# Korean Glock Mags Quality?



## Azermiath (Dec 20, 2011)

Hey has anybody used the Korean glock 17 mags? Are they worth the price? The Sportsmans Guide has them for $14.97 ea $39.97 /3 and 99.97 /10. Is it worth the deal for a non-Glock product?


----------



## TedDeBearFrmHell (Jul 1, 2011)

depends on the return policy in my opinion.....


----------



## Cat (Apr 12, 2011)

tumbleweed


----------



## chessail77 (Mar 15, 2011)

Check the prices @ CDNN...I used them in my Glock as range mags and they did fine....I would use only factory for anything else...JJ


----------



## Azermiath (Dec 20, 2011)

chessail77 said:


> Check the prices @ CDNN...I used them in my Glock as range mags and they did fine....I would use only factory for anything else...JJ


Ok thats what I was wondering. More or less they are a good farm magazine that can get beat up and thrown away as needed and for carry use the factory magazines.
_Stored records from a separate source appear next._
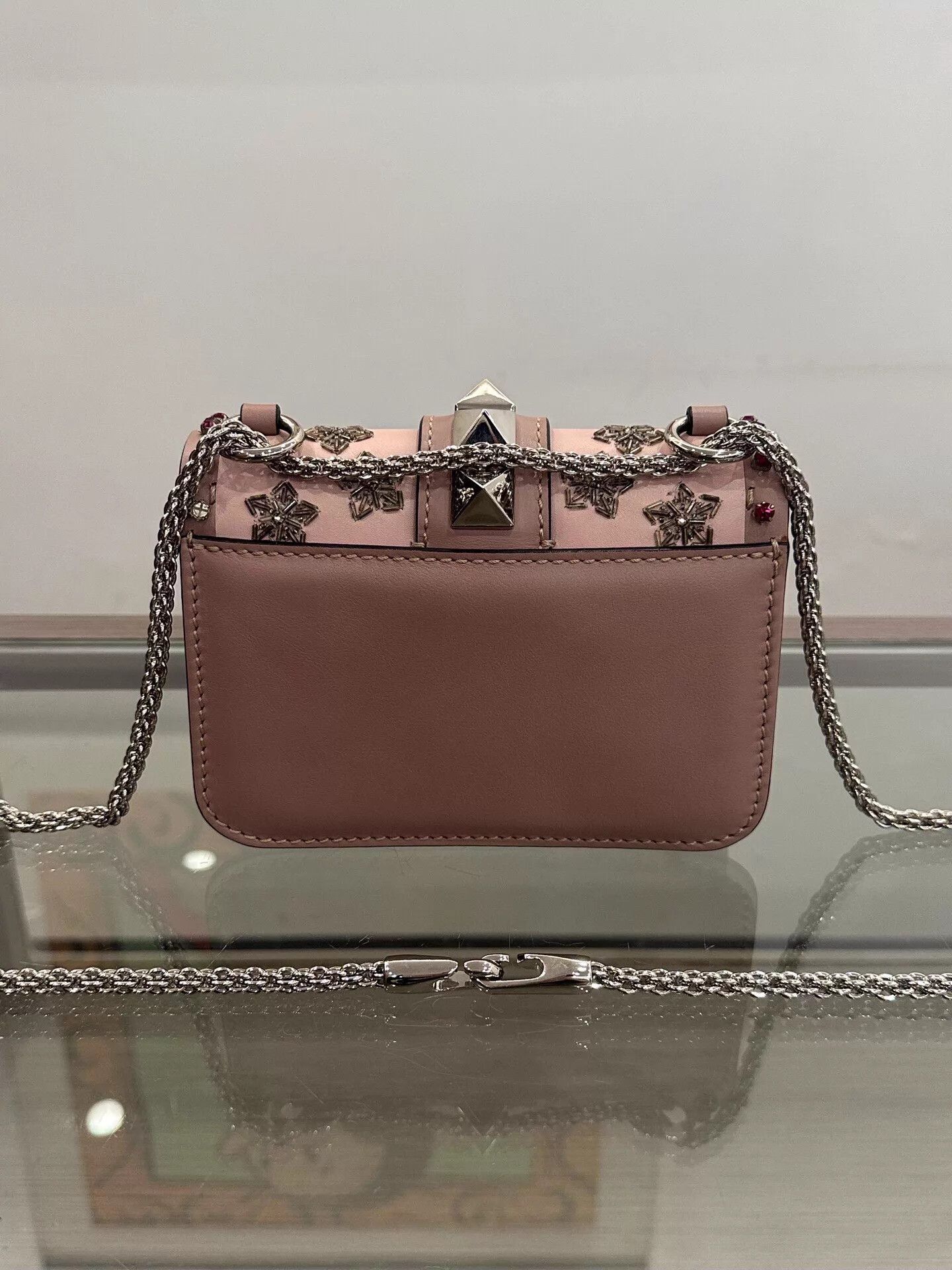 Valentino VALENTINO colorblock rivet-crystal logo chain bag 22cm Size ONE SIZE - 2 Thumbnail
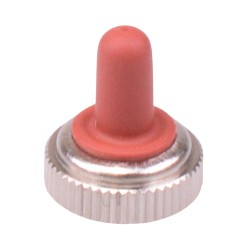 Red Sealing Boot - U1331-6 - For 6.35mm Toggle Switches - 5000 and 11000 Series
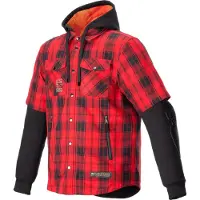 Alpinestars Camicia MO.ST.EQ Tartan Flame Red Black, Taglia: XXL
Makes sense to me.


----------



## JerryMac (Dec 4, 2011)

For plunking around, why not, for perosnal defense, I would stick with the Glock mags.


----------



## zebramochaman (May 6, 2010)

I have been using the KCI mags for several years now at the range. Although I don't use them for self defense they have performed flawlessly.


----------



## cclaxton (Jul 10, 2011)

Just used two KCI Glock magazines and they work exactly the same as the Glock brands. The only way to tell them apart is to read the bottom logo.


----------